No cigar for François Hollande
In the same Nouvel Observateur, the economist Thomas Piketty says the Hollande presidency has been a disaster for France: too much improvisation, too little reflection.
Hollande has to take responsibility for following German Chancellor Angela Merkel into the Greek crisis and then totally mismanaging the fallout. He is largely responsible for Brexit, because he contributed so much to the decline of the euro and the collapse of European commercial confidence, according to the economist.
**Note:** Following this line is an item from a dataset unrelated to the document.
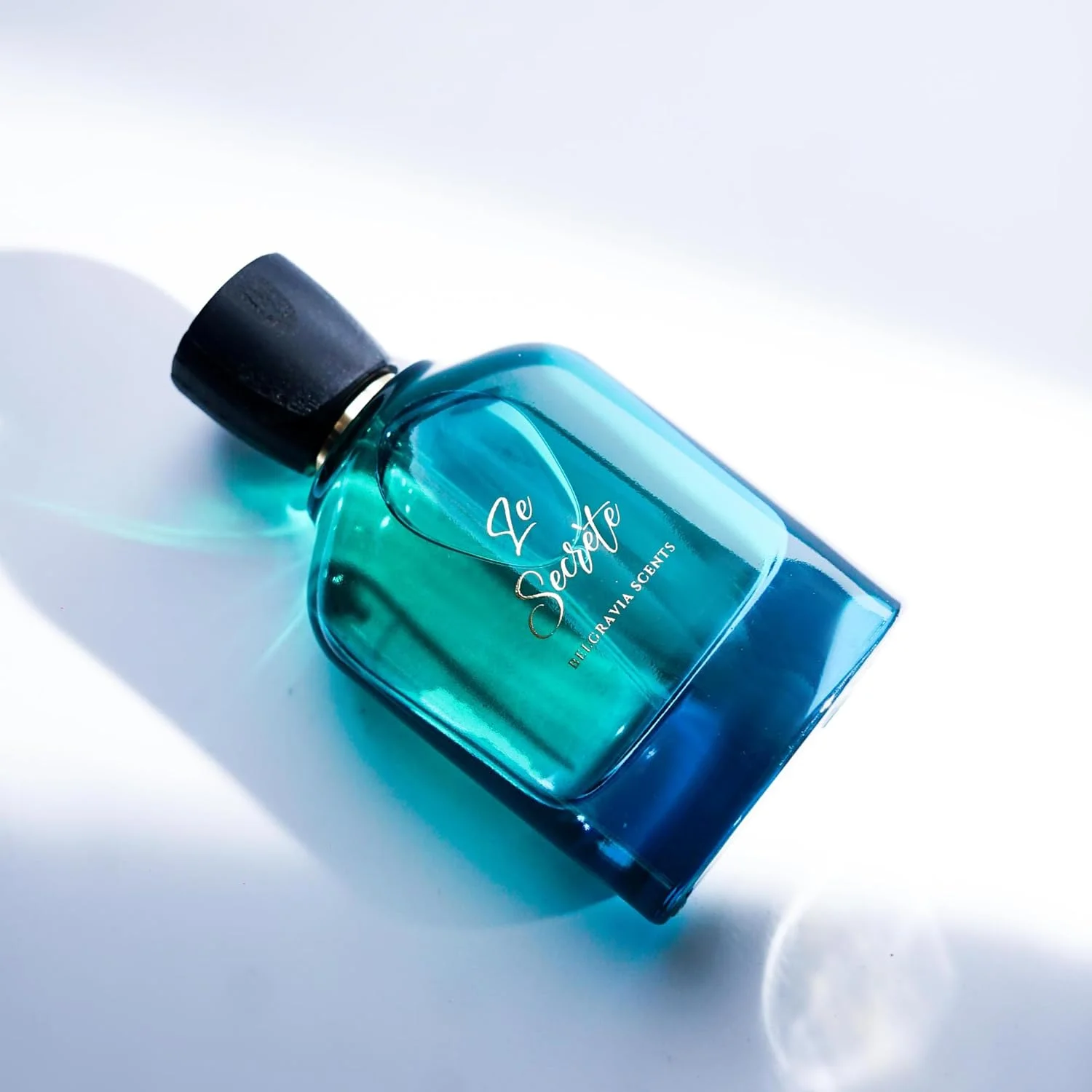 عطر بلگراویا سنتز له سکرت унисекс ادو پرفیوم EDP 100ml عطر بلگراویا سنتز له سکرت унисекс ادو پرفیوم EDP 100ml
Those subjects of Her Majesty who voted to leave didn't feel they were going to be missing much.
By refusing to announce his intentions regarding the 2017 election until December, Hollande has given the high ground to the right-wing contenders, says Piketty, leaving the hopefuls of the left with little time for the debates and presentations which will be needed to clarify a new Socialist policy line.
Is France wise to do business with Saudi Arabia and Qatar?
The main story in Le Point looks at what the magazine describes as the dangerous links between France and two Gulf states, Saudi Arabia and Qatar.
Right- and left-wing administrations have been equally guilty of fraternisation with two regimes that really don't deserve the time of day but happen to have ready cash up to their eyeballs.
Le Point says the Hollande government has been seduced by contracts worth over 20 billion euros and has turned a blind eye to Saudi Arabia's use of capital punishment, treatment of women, involvement in the war in Yemen, support for those fighting Bashar al-Assad in Syria, whatever their degree of radicalisation . . . the list is long.
While Washington condemns the part played by some Gulf governments in the financing of the Islamic State armed group, Le Point says Paris has remained silent. Because the luxury of speaking out carries a big price tag.
It's tough being rich
Weekly satirical paper Le Canard Enchaîné is happy to report that, according to the consultants Price Waterhouse Coopers, the world's 1,397 richest people lost a total of 300 billion euros in the course of 2015. A tragic situation which leaves each one of them with an average of just 3.7 billion euros.
A city of crazies and presidential candidates
L'Express devotes its cover and 40 inside pages to extolling the wonders of New York, a city the French weekly finds even more irresitible than ever.
If you think that makes a welcome change from all the other guff about presidents and politics, forget it. L'Express focuses on the Big Apple because it is home to both Donald Trump and Hillary Clinton, rivals in next month's US presidential battle.
Perhaps the writer Tom Wolfe, long-term resident and often savage critic of the city that never sleeps, deserves the last word. "New York is an exciting place," he says in an Express interview. "But it does seem to attract a lot of crazies."